The Museum of Arts and Design presents Coille Hooven: Tell It By Heart, the artist’s first solo exhibition in over two decades and her first-ever solo museum exhibition in New York. The exhibition spans more than 30 years of Hooven’s 50-year career working in porcelain to create psychologically charged sculpture that explores domestic-centered narratives. One of the first ceramists to bring feminist content to clay, Hooven uses porcelain to honor the history of women’s work, confront gender inequality, and depict the pleasure, fears, and failures of partnering and parenting.

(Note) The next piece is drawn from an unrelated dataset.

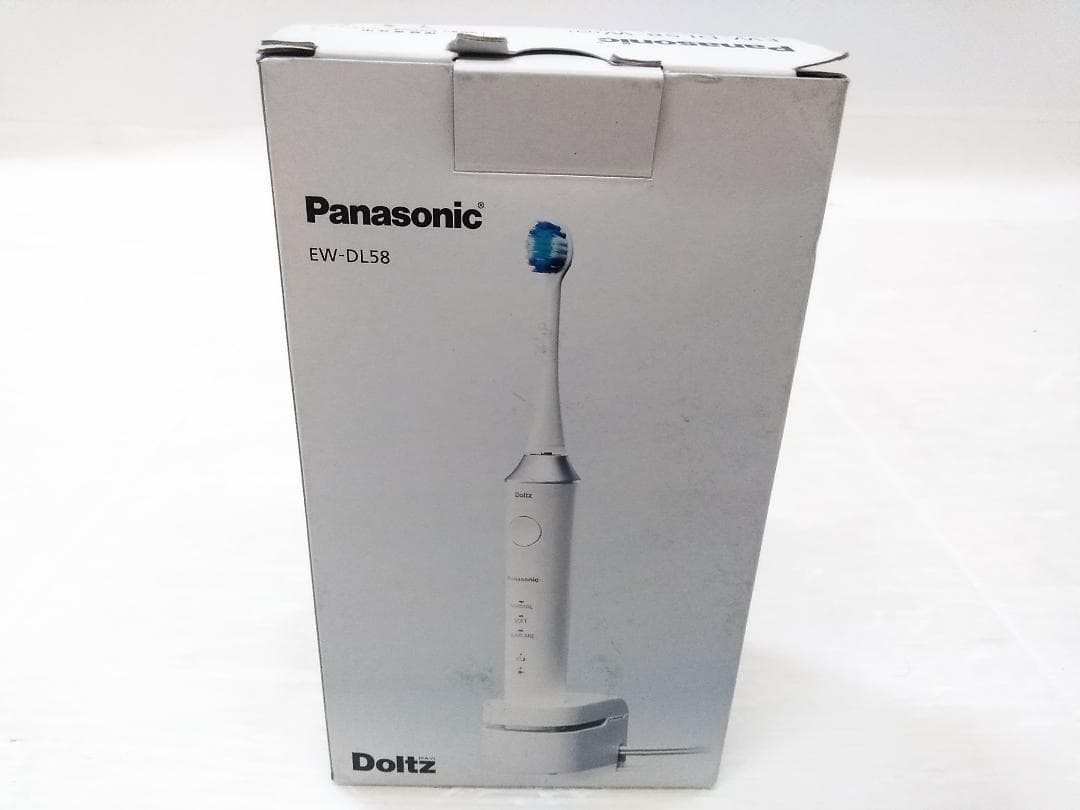 未使用品 パナソニック 電動歯ブラシ ドルツ エントリーモデル EW-DL58★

“For Coille, the raw clay becomes a manifestation of the unconscious out of which she coaxes characters, objects, and vignettes with a tender urgency,” said MAD's William and Mildred Lasdon Chief Curator Shannon R. Stratton. “Mining fairy tales, fables, myths, and religious parables, Hooven often takes universal symbols—everything from Eve to a security pillow—and recasts them into a personal and feminist narrative. Coille’s delicate, diminutive work boldly embraces a subject and style historically marginalized in art for being too personal, trivial, or even vulgar.”
“I liken my work to dream interpretation,” explained Hooven. “It is both literal and symbolic, intended to invoke a feeling that lingers. The shoe is a shoe, but also it is an animal, a vehicle, and a stage for the play within.”
Hooven’s 55 sculptures on view range from teapots and vessels to figurative busts and dioramas, and they mine the domestic psyche to produce vignettes that resonate with familiarity despite an undisguised use of the fantastical. Developing her own vocabulary of archetypes, she regularly revisits certain creatures and forms: a domestic palette of aprons, pillows, shoes, and pies, as well as a cast of characters that includes mermaids, fish, snakes, and anthropomorphic beasts that appear part-dog, part-horse, and part-human. While these creatures may appear familiar and amiable at first, tension lurks underneath. Inspired by Jungian psychology, Hooven’s sculptures conjure a vision of the unconscious—both the joy and buoyancy of dreams, as well as the discomfort and despair of anxiety and doubt.
Coille Hooven studied at the University of Illinois under David Shaner and graduated in 1962. That same year, at the age of 23, Hooven submitted a piece to the Museum of Arts and Design (then the Museum of Contemporary Crafts) for the Young Americans exhibition. From there, she built up the ceramics program at the Maryland Institute College of Art before moving west to Berkeley, California, with her two small children. At the time, Berkeley was the stronghold for experimental work in clay, and Hooven joined an artistic community that included Peter Voulkos and Robert Arneson. Unlike many of her peers, Hooven worked independently of academia and made a maverick career in California as both a studio potter, designing and making functional wares, and an artist working in porcelain sculpture to create the figurative work on display in Coille Hooven: Tell It By Heart. In 1979, Hooven became the second woman to be in residence at the Kohler Co. plant in Kohler, Wisconsin, as part of its renowned Arts/Industry residency program.
Coille Hooven: Tell It By Heart is part of MAD Transformations, a series of six exhibitions presented this fall that address artists who have transformed and continue to transform our perceptions of traditional craft mediums. Building upon the exhibition Voulkos: The Breakthrough Years, which celebrates the work of an artist known for drastically changing the way clay is categorized as an art material and as a discipline, the MAD Transformations exhibitions consider fiber, clay, and jewelry and metals—disciplines (along with glass and wood) that form the bedrock of the Museum of Arts and Design’s founding mission and collection, and that continue to morph in the hands of contemporary artists today.